Mariano’nun sakatlanıp çıkması, çok ihtiyaç olan bir maçta kötü sinyaldi. Oyuncuların Başakşehir ve Beşiktaş maçları nedeniyle özgüven kaybı yaşadıkları aşikârdı. Üstüne Maicon’un kendi kalesine attığı gol ve Muslera’nın hatası gelince yıkım hızlandı.
Öne geçtiğinde rakibini boğan G.Saray, geriye düştünce ne yapacağını bilmiyor. Çünkü sadece öne oynamayı düşünen, savunmayı çok öne kuran ve hücumcu bir ekip. Ayrıca oyunu tutacak bir liderinin olmayışı ya da Belhanda’nın kötü olması...

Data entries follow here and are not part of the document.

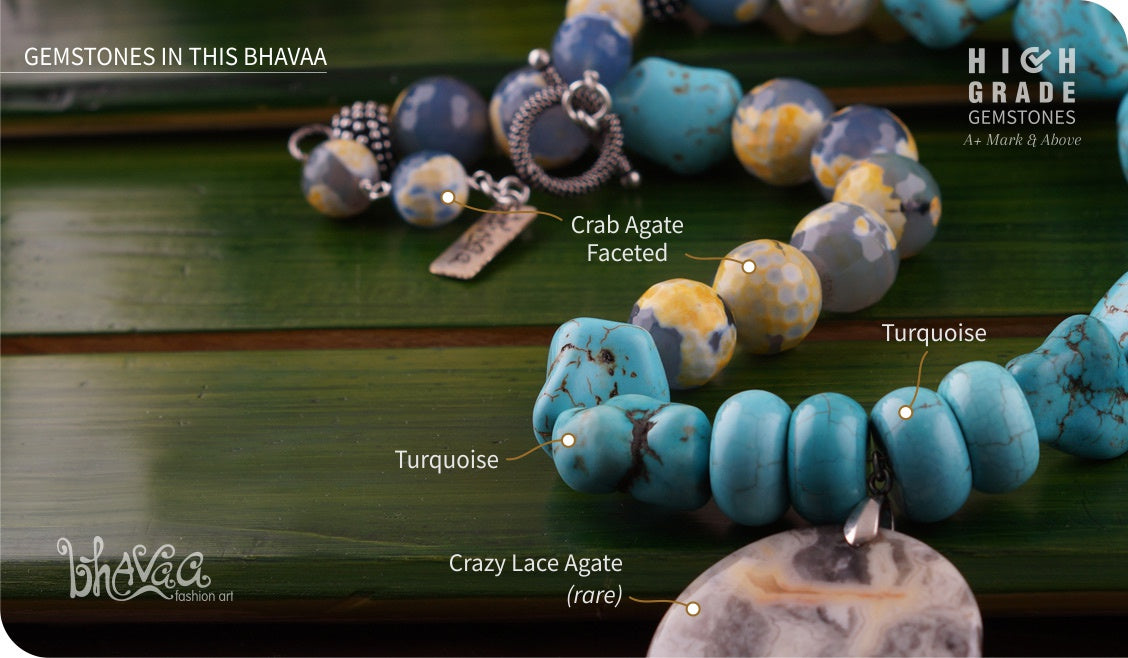 bhavaa Premium Gemstone Jewelry- Necklace. Serene Indulgence Collection, Mark-1 | Gemstones: Grey Crazy Lace Agate, Grey Crab Agate Faceted, Blue Turquoise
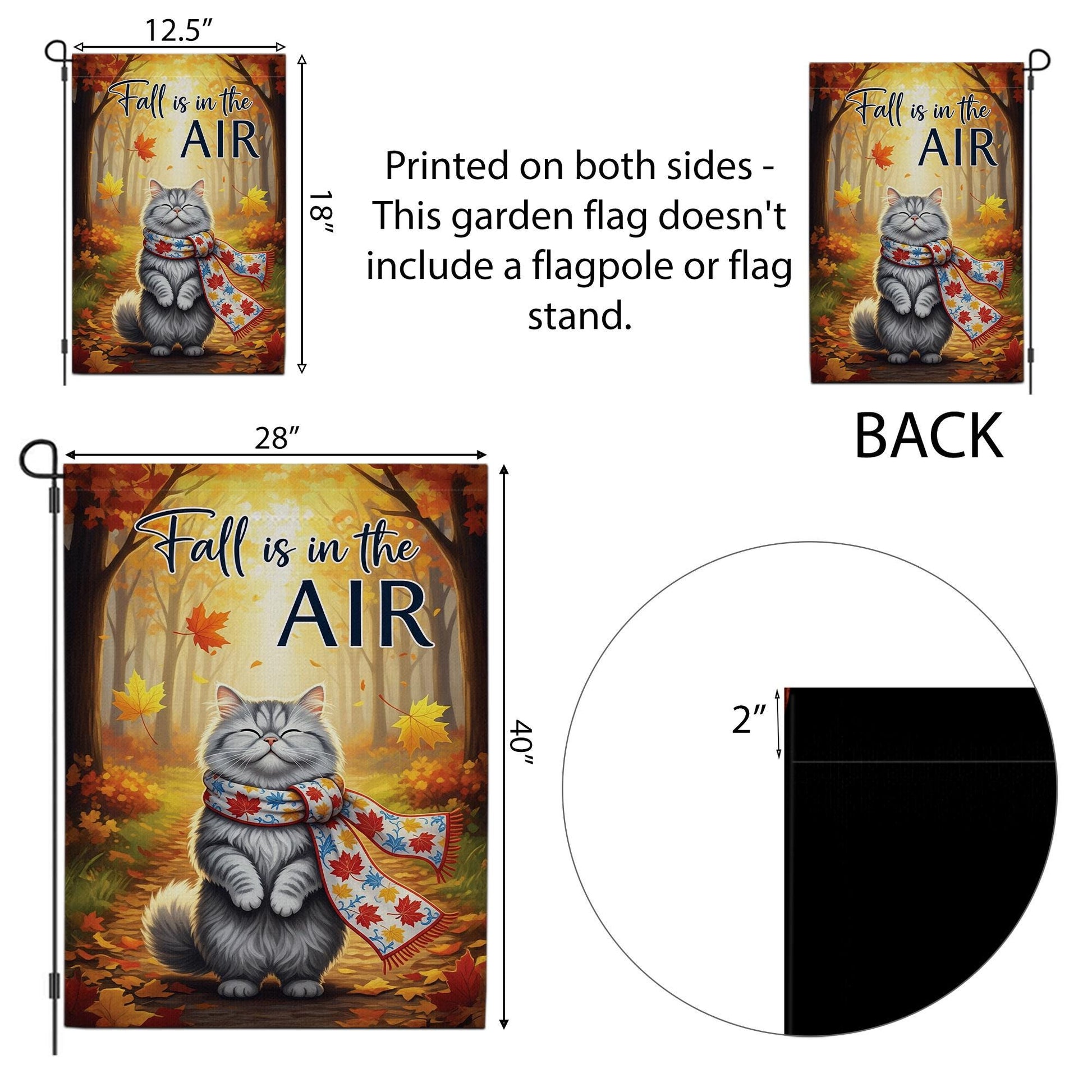 Fall Cat Garden Flag, Autumn Outdoor Yard Decor, Cozy Kitty with Scarf Seasonal Flag, Cute Fall Porch Decoration for Cat Lovers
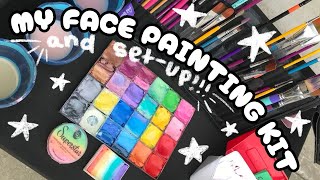 my face painting setup, supplies, and kit tour
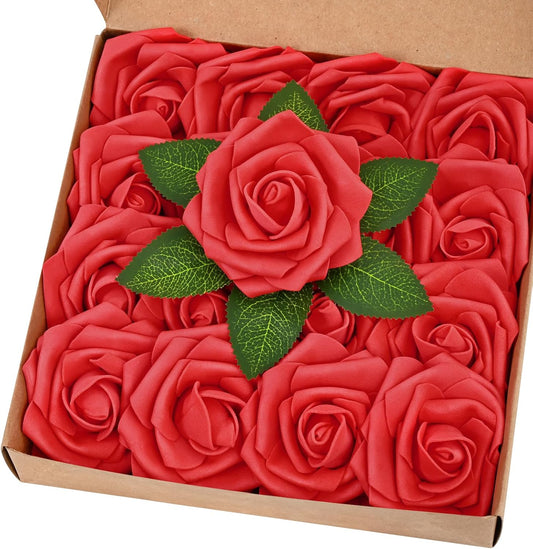 BLEUM CADE 16Pcs Artificial Flowers Fake Roses with Stems, Red Boxed Foam Roses for DIY Bouquets Centerpieces Wedding Party Arrangement Bridal Shower Decor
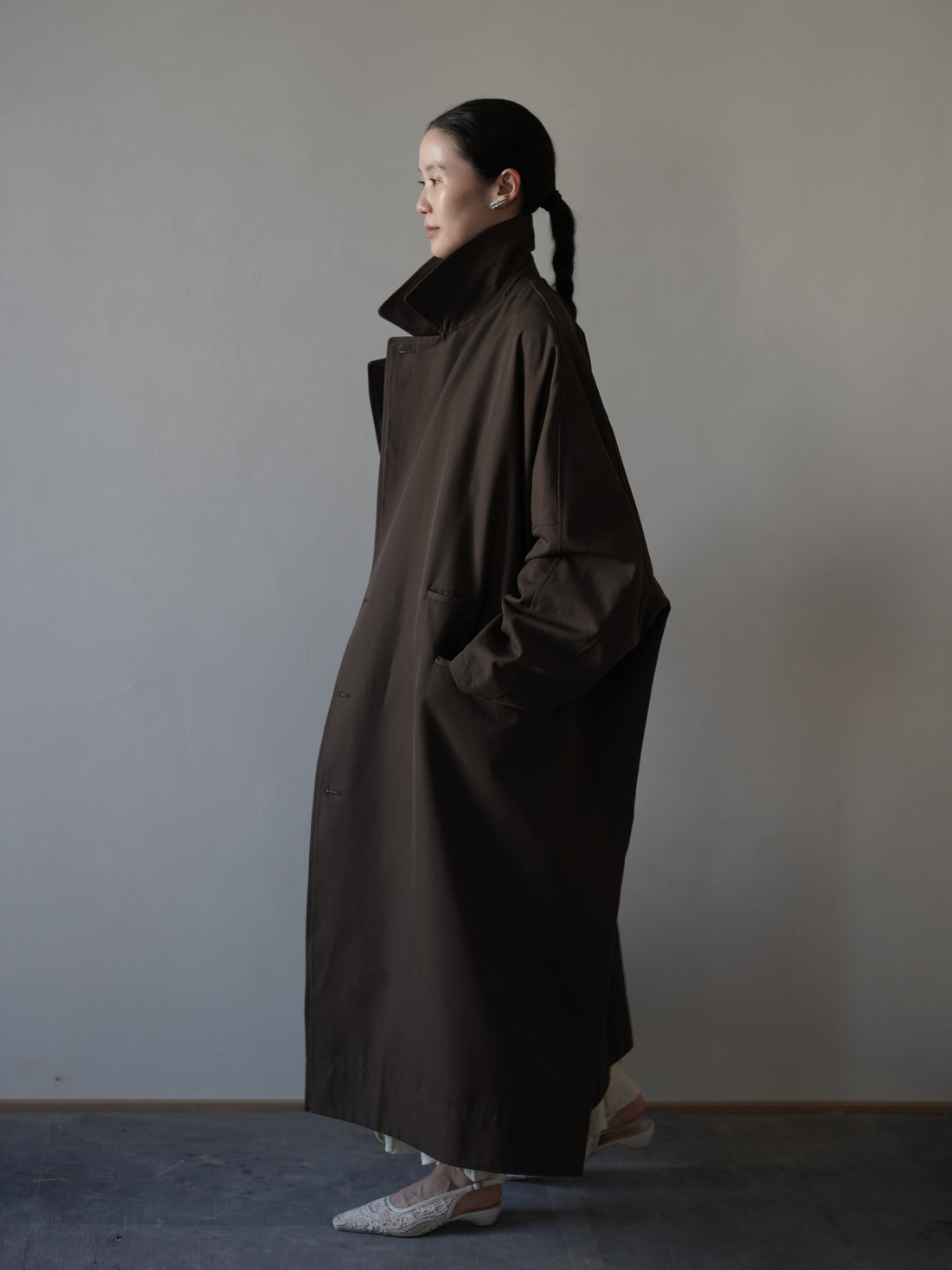 Wool Cotton Trench Coat・Khaki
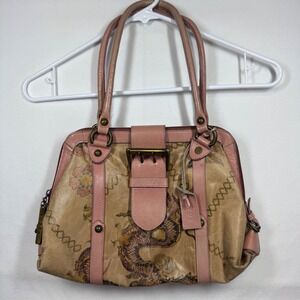 LOZZA by First Class Columbia Dragon Floral Leather Satchel Handbag‎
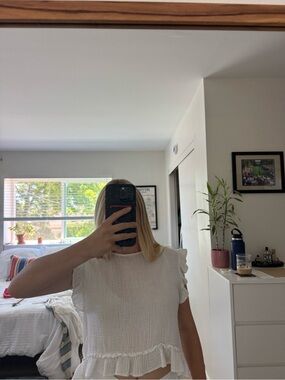 Free People Ruffle Short Sleeve Blouse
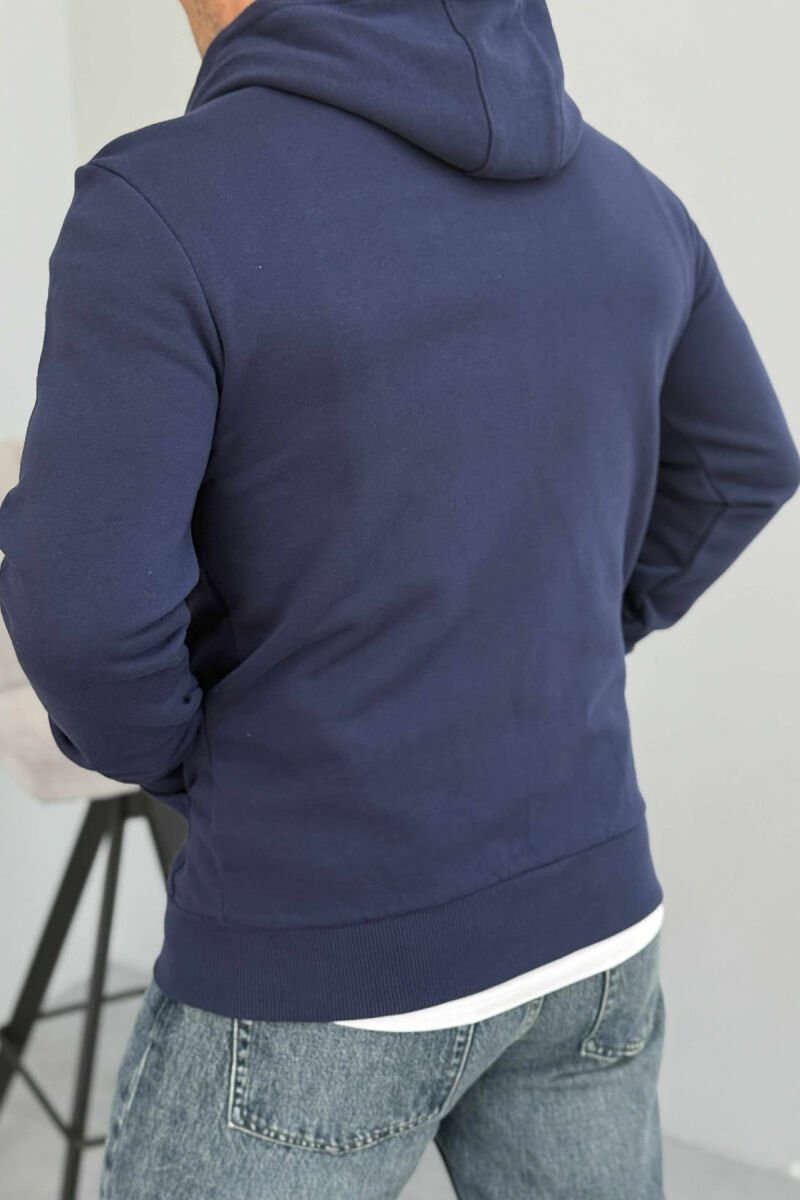 ONE COLOR FRONT LOGO MEN COTTON JACKET BLUE/BLU - 4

Belhanda, en kritik oyuncu ve o olmayınca Fernando ile Ndiaye gibi oyun stilleri mücadele üzerine kurulu oyuncular ayağa kalkamıyor. Feghouli ve Yasin gibi oyuncular sıfırlanıyor. Haliyle, Belhanda’dan başlayan bu dalga en sonunda Gomis’i vuruyor ve üretkenlikten uzaklaşılıyor.
2. yarı ise, sezon başındaki haline dönen G.Saray, 5 dakikada skoru eşitledi. Bu bölümün kahramanları, savunmadan kafayı kaldırıp öne destek veren ve golü atan Fernando ile Gomis’e asist yapan Ndaiye idi. Maçın son bölümünün hikayesini yazan, kırmızı kart gören takımın ağır abisi Gomis ve kayıpları oynayan ama kazandıran golü atan Belhanda oldu. G.Saray zor da olsa kazandı ama kalan haftalar için hasar verecek iki kayba uğradı. Gomis ve Mariano’nun yokluğunu telafi edecek isim yok.
ÖNCE SARI SONRA KIRMIZI
Mariano sakatlandı takımın morali dip yaptı, Maicon kendi kalesine attı büyük hata yaptı, Muslera önde yakalandı, Belhanda ilk yarı yattı, Fernando savunmada kaldı, Ndiaye hücumu unuttu.